What roles ask A/B testing questions in interviews?

A/B testing questions are common in data scientist, product analyst, growth analyst, marketing analyst, and product manager interviews. Any role that involves making data-driven product decisions will likely include questions about experiment design and analysis.

Do I need to know the math behind A/B testing?

You should understand the conceptual foundation: what statistical significance means, how sample size affects results, and what Type I and Type II errors are. You do not need to derive formulas by hand, but you should know how to use calculators or code to perform the calculations.

What is the most important thing interviewers look for in A/B testing questions?

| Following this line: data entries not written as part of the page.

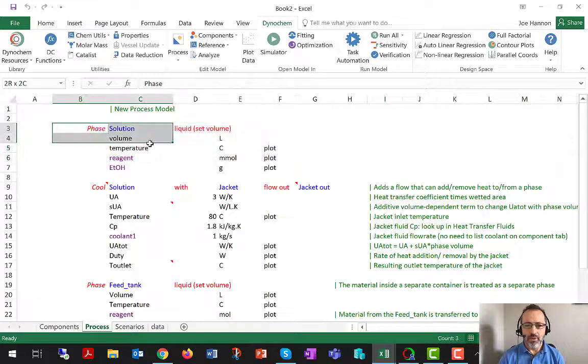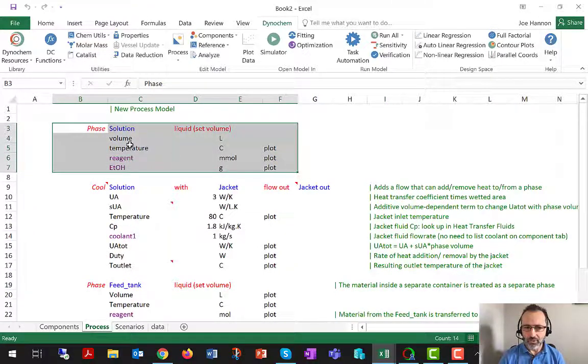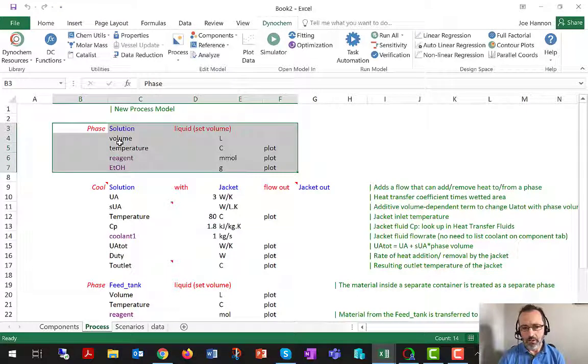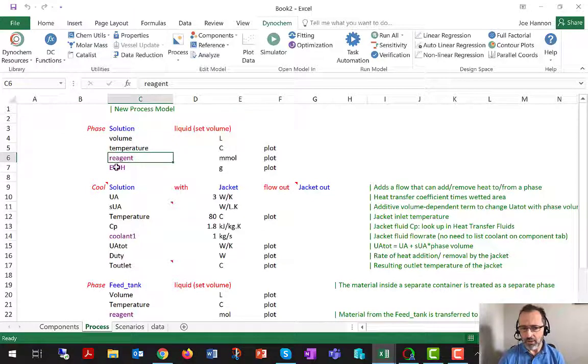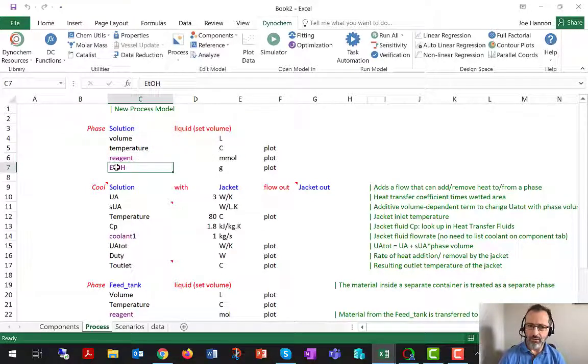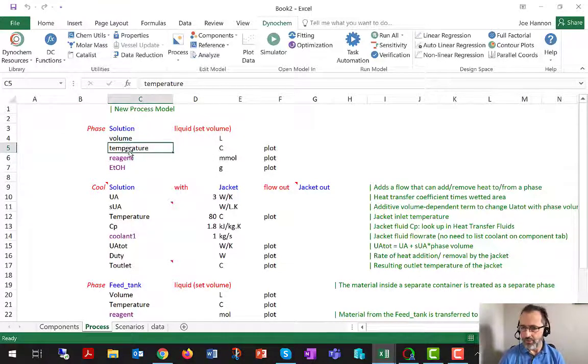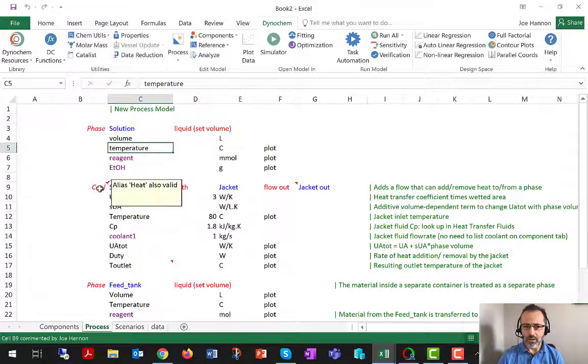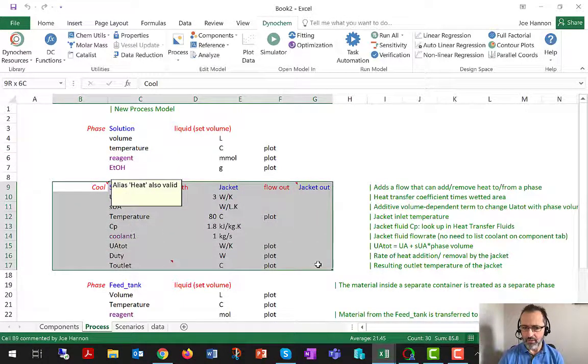Just from a mathematical point of view, you could see the phase paragraphs as representing the left-hand side of the ODE. So d_reagent/dt, d_ethanol/dt, d_volume/dt, d_temperature/dt, and you could see the other statements as representing the right-hand sides.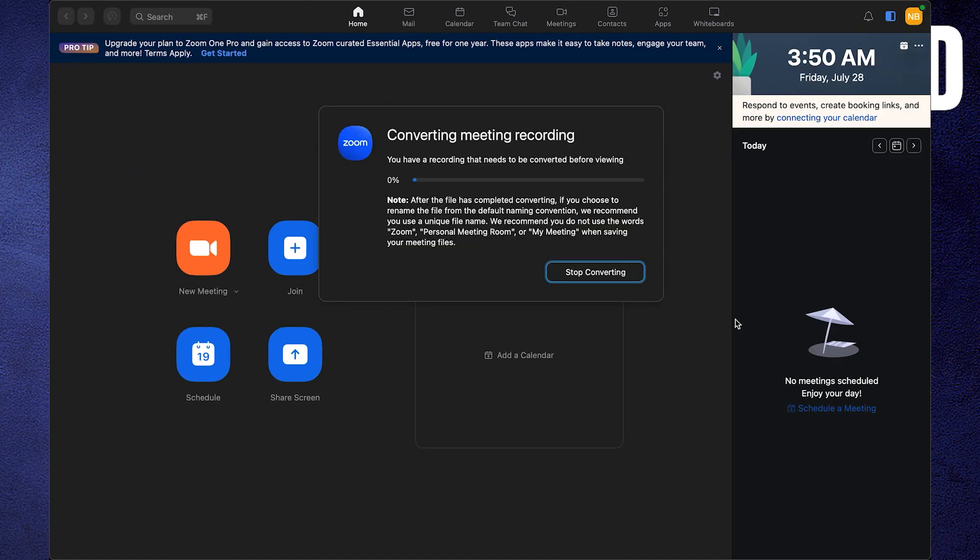Then click to end the meeting. Now click to save the recording. Or you can play to view the recording as well.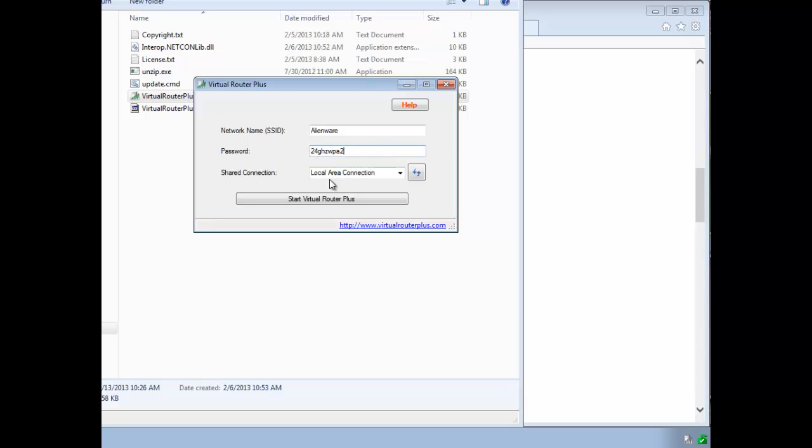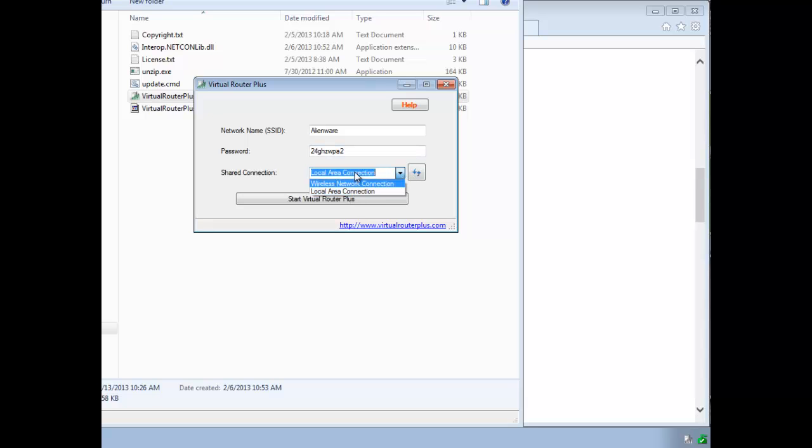This is the important part: what network connection on your PC do you want to share. So this could be a 3G card. It could be your LAN card. It could be anything. It doesn't matter. In my case, it's simply going to be my LAN connection. If you look at the pull down menu, it'll scan your system and find all your adapters for you.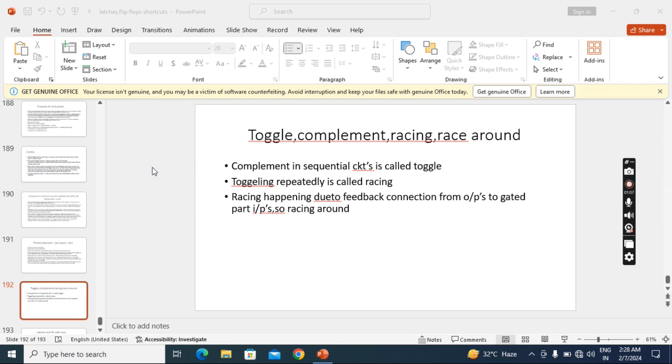So when we apply a clock to the circuit, if complement is happening, that is called toggle.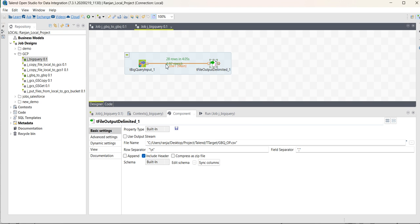In this way, we can extract data from a Google BigQuery table and load it to a flat file. Thank you.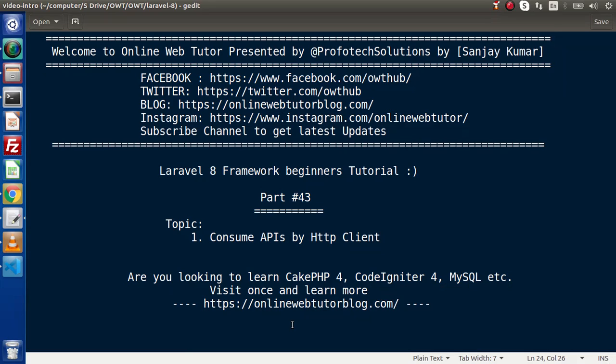Hello guys, welcome to Online Web Tutor. I am Sanjay. We are learning Laravel 8 framework tutorial. This is our part 43. Inside this video, we will see how to consume APIs by HTTP client.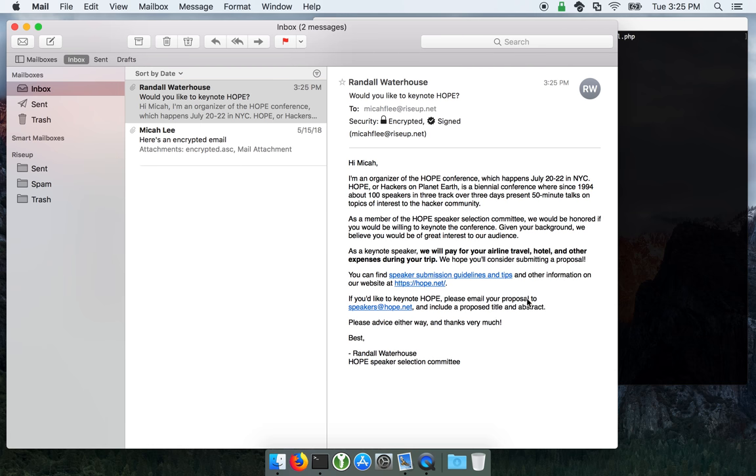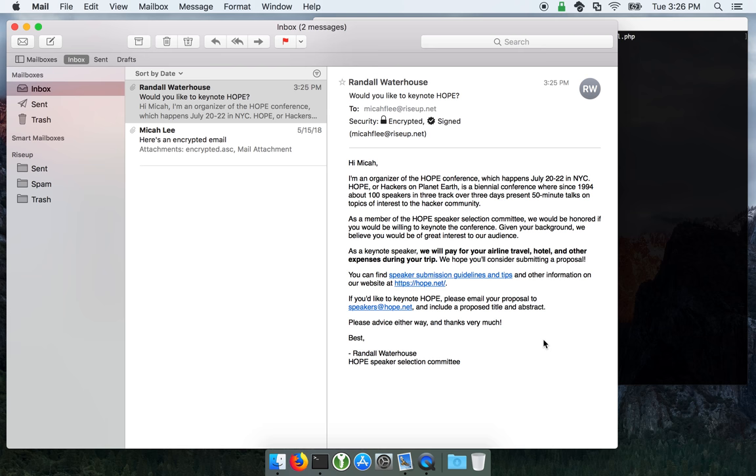And let's see, this is someone on the Hope Speaker Selection Committee, and they want me to keynote Hope. And as a keynote speaker, we will pay for your airline travel, hotel, and other expenses during your trip. They want me to submit a proposal.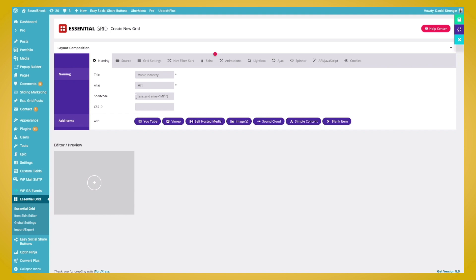As you can see, the shortcode here fills out with MI1. So next, we'll edit the source.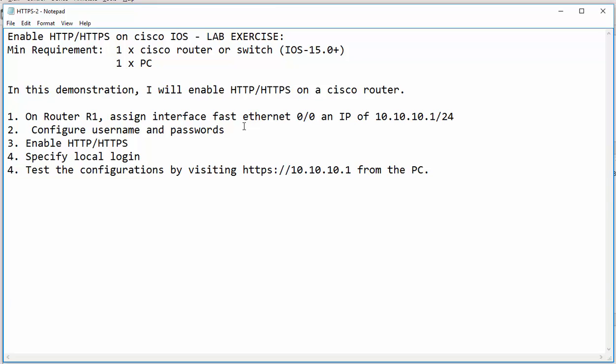In this lab exercise, I will show you how to enable HTTP and HTTPS on a Cisco IOS device. The minimum requirement for this exercise is you need one Cisco router or switch that will be running iOS 15 or above, and finally, you need one PC.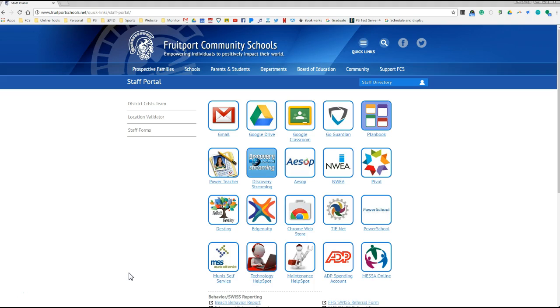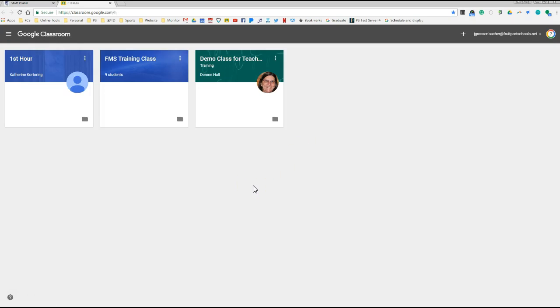What you're going to do is open up the staff portal, go to Google Classroom, and when you get to the screen you'll notice all the different Google Classrooms you have set up for this year. To archive a class,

Interviewers want to see that you think critically about experiment design before jumping to analysis. This includes defining clear hypotheses, choosing appropriate metrics, calculating sample size, considering edge cases, and understanding when results are actually meaningful for the business.

A/B Testing Interview Questions

Published February 11, 2026

A/B testing is one of the most practical applications of statistics in the tech industry. Companies from startups to FAANG rely on controlled experiments to make product decisions. If you are interviewing for a data scientist, product analyst, or growth role, expect A/B testing questions. This guide covers the concepts, calculations, and common pitfalls you need to know.

A/B Testing Fundamentals

What is an A/B Test?

An A/B test (also called a split test or randomized controlled experiment) compares two versions of something to determine which performs better. Users are randomly assigned to either the control group (A) or treatment group (B), and we measure a key metric to see if the treatment has an effect.

Interview Question: Walk me through how you would design an A/B test

Strong candidates follow a structured approach:

Define the hypothesis: What specific change are we testing? What do we expect to happen?
Choose the primary metric: What is the one metric that defines success? (e.g., conversion rate, revenue per user)
Identify guardrail metrics: What should NOT get worse? (e.g., page load time, customer support tickets)
Calculate sample size: How many users do we need to detect a meaningful effect?
Define the randomization unit: Usually users, but could be sessions, devices, or other units
Determine test duration: Account for weekly patterns, minimum sample size, and maximum time
Plan the analysis: What statistical test will you use? What is your significance threshold?

Sample Size Calculation

Why Sample Size Matters

Running an A/B test without proper sample size calculation is like guessing. Too small a sample means you might miss real effects (low power). Running longer than necessary wastes time and resources.

The Key Inputs

Baseline conversion rate: Current performance of the control
Minimum Detectable Effect (MDE): Smallest improvement worth detecting
Significance level (alpha): Usually 0.05 (5% false positive rate)
Statistical power: Usually 0.80 (80% chance of detecting a true effect)

from statsmodels.stats.power import NormalIndPower
from statsmodels.stats.proportion import proportion_effectsize

# Parameters
baseline_rate = 0.10        # 10% current conversion
mde = 0.02                  # Want to detect 2 percentage point lift (to 12%)
alpha = 0.05                # 5% significance level
power = 0.80                # 80% power

# Calculate effect size
effect_size = proportion_effectsize(baseline_rate + mde, baseline_rate)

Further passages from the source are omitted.